Toronto - TD - Roger Scales 33 yard fumble return (lateral from Joe Vijuk) (Ivan MacMillan convert)

Toronto - Rouge - Ivan MacMillan 27 yard missed FG

Fourth quarter

No scoring

| Teams | 1 Q | 2 Q | 3 Q | 4 Q | Total |
|---|---|---|---|---|---|
| Calgary Stampeders | 7 | 7 | 0 | 0 | 14 |
| Toronto Argonauts | 0 | 3 | 8 | 0 | 11 |

==Background==
The Argonauts had not appeared in a Grey Cup championship game since 1952. The Stampeders were making their third Grey Cup appearance in four years, but had not actually won a championship since 1948.

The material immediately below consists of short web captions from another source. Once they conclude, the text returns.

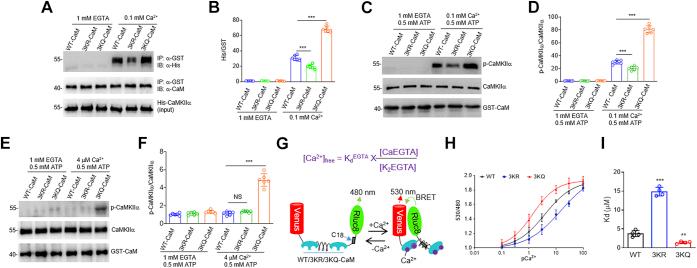 https://cdn.ncbi.nlm.nih.gov/pmc/blobs/debb/8383114/1e525e6325f4/gr4.jpg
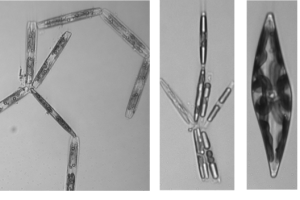 1.phytoplankton:lead
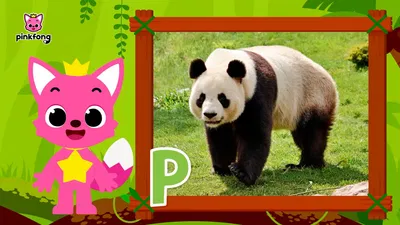 Learn ABC with Pinkfong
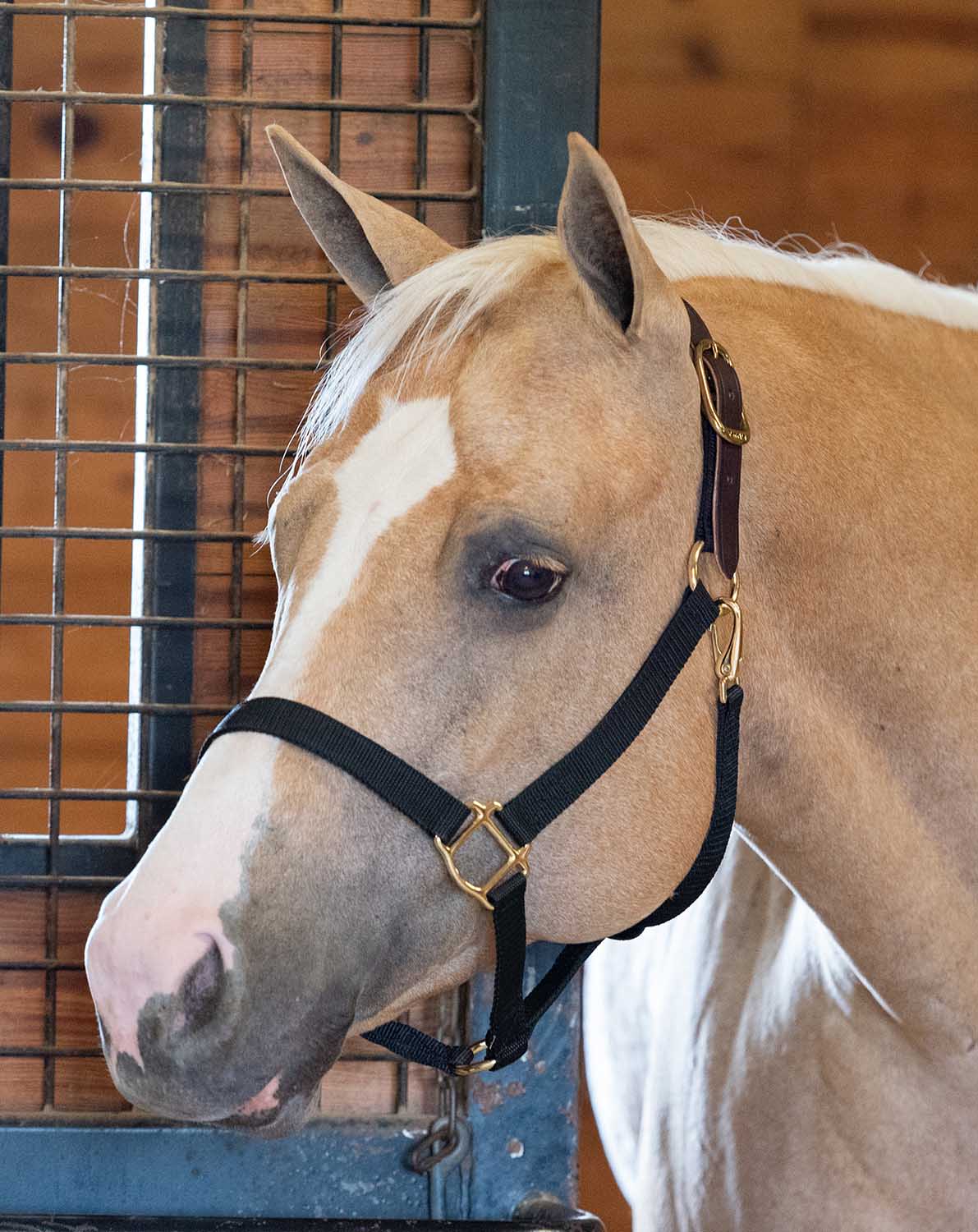 Economy Nylon Safety Horse Halter - Image 25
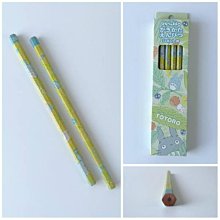 【Totoro】日本製 宮崎駿 吉卜力龍貓 彈蓋直飲水壺 隨身瓶 抗菌加工 480ML(附背帶) 歷史價格詳細信息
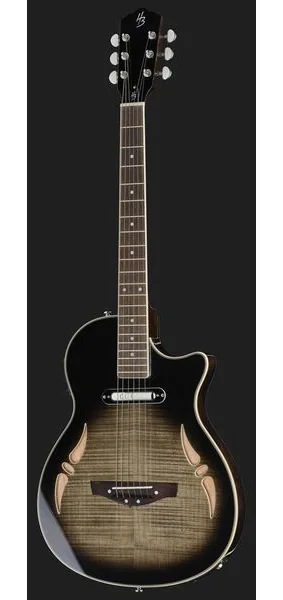 Harley Benton Nashville-Steel, yksityiskohta 2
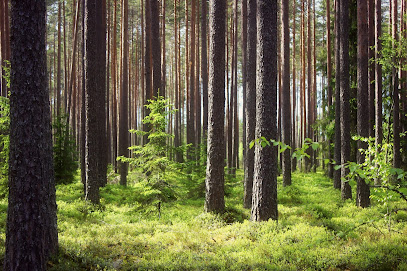 Asociācija 'Latvijas Koks'
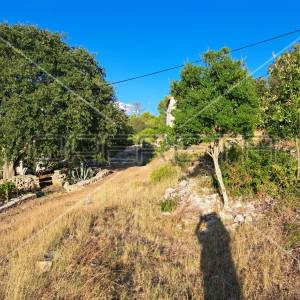 Gornje Kunjanovo, Vis, 5.002,00 m2, 76.006,00 EUR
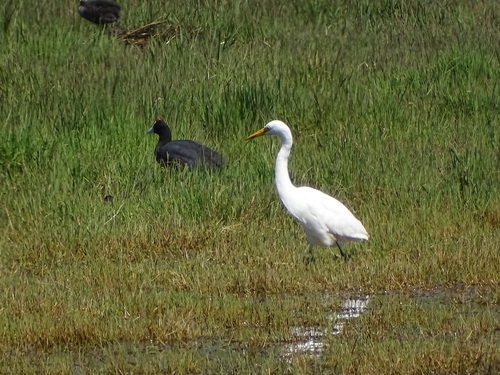 Yellow-billed Egret (Ardea brachyrhyncha), photo 8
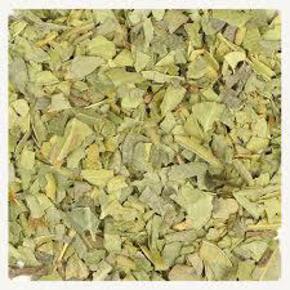 Nunc congue dui nec...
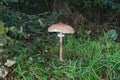 Drum mallet detail close up nature natural composition poisonous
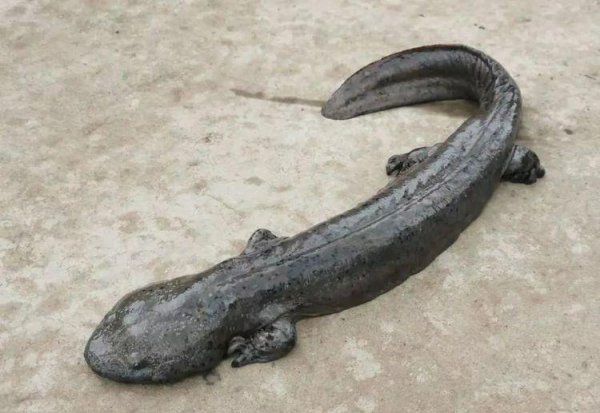 娃娃鱼是什么动物类型物种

The 10-4 Argonauts faced the 9-6-1 Stampeders for the first time in the Grey Cup. Both teams finished in first place in their divisions, but Toronto, led by star rookie quarterback Joe Theismann, was the favourite. The 1971 Grey Cup was the first to be played on artificial turf (Tartan Turf).

==The game==
Field conditions were poor, as a steady downpour left sheets of water over the artificial turf at Empire Stadium.

Calgary opened the scoring with Herm Harrison making an incredible one-handed grab of a Jerry Keeling pass in the end zone for a touchdown. Toronto countered with a big play, a 55-yard pass reception by fan favourite tight end Mel Profit, but would come away from this drive deep into Stampeder territory with only a field goal from Ivan McMillan.

Jesse Mims added another Stampeder major, ending the scoring for the half and for Calgary on the day.

The second half saw Joe Theismann replaced by Greg Barton, but the Argos could not move the ball. Their only touchdown came when sure-handed Calgary punt returner Jim Silye dropped a punt which was then recovered by Joe Vijuk. Vijuk had the presence of mind to lateral to Roger Scales, who ran 33 yards for the touchdown.

Late in the fourth quarter Dick Thornton, a great two-way player who had already made a fantastic reception, intercepted a Calgary pass and returned it to the Stampeder 11-yard line. Theismann, now back in the game, handed the ball off to Leon McQuay, the Argonauts' star running back. As McQuay cut left, he promptly slipped on the soggy turf and fumbled the ball, which was recovered by Stampeder Reggie Holmes. To this day, there is still some dispute about this play, as McQuay dropped the ball when his elbow hit the ground and he had not been contacted by a Stampeder defender, thus bringing up the football adage that "the ground can't cause a fumble."

Nevertheless, Toronto still had a chance to pull out a victory. With 1:53 left in the game and Calgary deep in their own end, they punted on third down. Argo returner Harry Abofs, in an effort to capture the wet ball, accidentally kicked it out of bounds while reaching down. CFL rules state that when a ball is kicked out of bounds, possession goes to the opposing team, thus giving Calgary possession once again. Had Abofs knocked the ball out of bounds with his hand, Toronto would have had one last offensive series. Instead, Calgary ran out the clock and captured the 1971 Grey Cup.

==Legacy==
Argonaut coach Leo Cahill, who won the 1971 Coach of the Year award, would later say, "When Leon (McQuay) slipped, I fell." He was fired in 1972 after the team, beset by injuries, stumbled to a 3-11 finish. He would return to coach the Argos in 1977, but was fired midway through the 1978 season.

Jim Silye was later a Member of Parliament for Calgary.

Dick Suderman, the first recipient of the newly created Most Valuable Canadian award for the game, died the following year and the trophy was renamed in his honour.

The 1971 Argonaut team was the focus of an episode of Engraved on a Nation.

This was the first Grey Cup game to be played on a Sunday on a permanent basis; the first such game to be played in full on a Sunday came two years earlier.